Sherzai, Dean & Ayesha.  The Alzheimer’s Solution.  Harper/Collins paperback.  2017.  The Sherzai’s are both M.D.’s with their main practice in dementias.  The essential message of the book is that Alzheimer’s (and perhaps many other dementias) may be prevented and reversed by major lifestyle changes: exercise, diet, stress control, and adequate sleep.  The book presents scientific evidence supporting this message & case studies from their practice.  (I must confess to concluding that there was a “confirmation bias” in the discussion of scientific evidence.)  Most of all, there is material for self-evaluation about successfully making major changes in lifestyle in each of these areas.  The strongest evidence for an impact on dementia is exercise—both aerobic and strengthening.  Their diet recommendations move to vegetarian/vegan with particular concerns about sugar, sodium, and cholesterol/saturated fats and toward vegetables, legumes, and fruit.  They recommend eliminating all animal-based food (eggs, milk-based, red meat, chicken, and seafood) from one’s diet and that is difficult to manage.  But they may be right.  In any case, all of their recommendations seem to “do no harm” and likely benefit heart, brain, and lots of other parts of our bodies.  
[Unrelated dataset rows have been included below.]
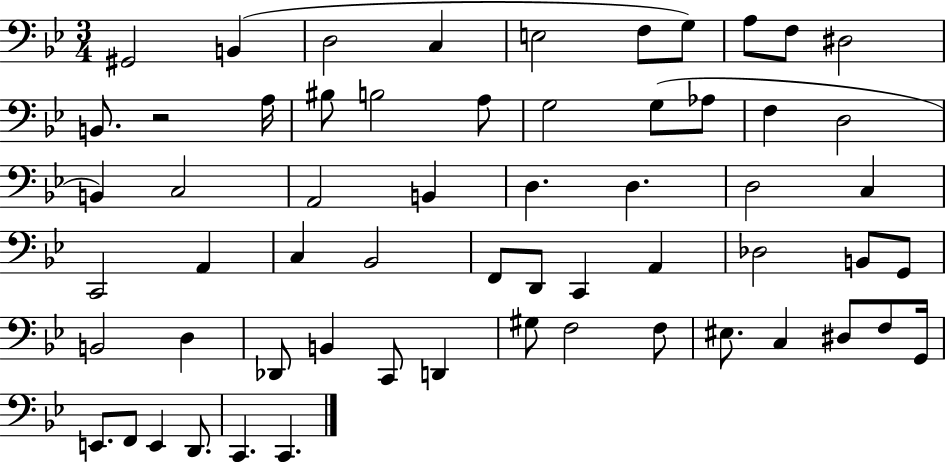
{
  \clef bass
  \numericTimeSignature
  \time 3/4
  \key bes \major
  \repeat volta 2 { gis,2 b,4( | d2 c4 | e2 f8 g8) | a8 f8 dis2 | \break b,8. r2 a16 | bis8 b2 a8 | g2 g8( aes8 | f4 d2 | \break b,4) c2 | a,2 b,4 | d4. d4. | d2 c4 | \break c,2 a,4 | c4 bes,2 | f,8 d,8 c,4 a,4 | des2 b,8 g,8 | \break b,2 d4 | des,8 b,4 c,8 d,4 | gis8 f2 f8 | eis8. c4 dis8 f8 g,16 | \break e,8. f,8 e,4 d,8. | c,4. c,4. | } \bar "|."
}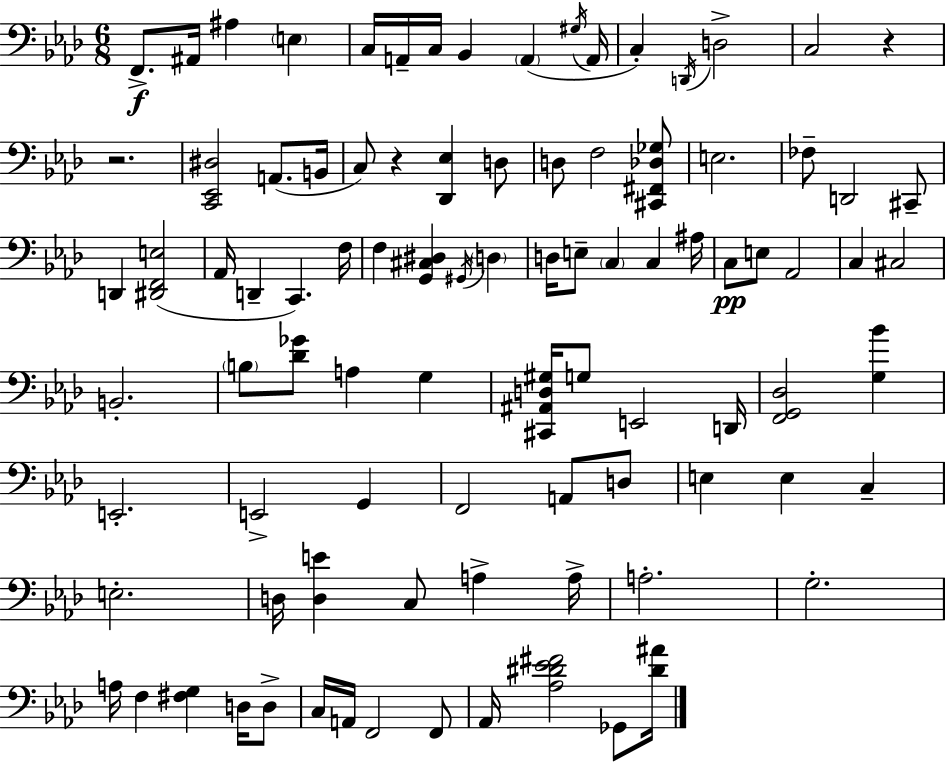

            With Beverly, we tried interventions in the areas of exercise and diet, and also tried recommended supplements and hormones.  We felt that these interventions slowed the process of the dementia, but one cannot make a definitive conclusion from this single case.  The disease did continue to progress.  Still efforts at prevention should be considered, as early intervention seems the most likely to succeed at controlling the onset and progress of Alzheimer’s.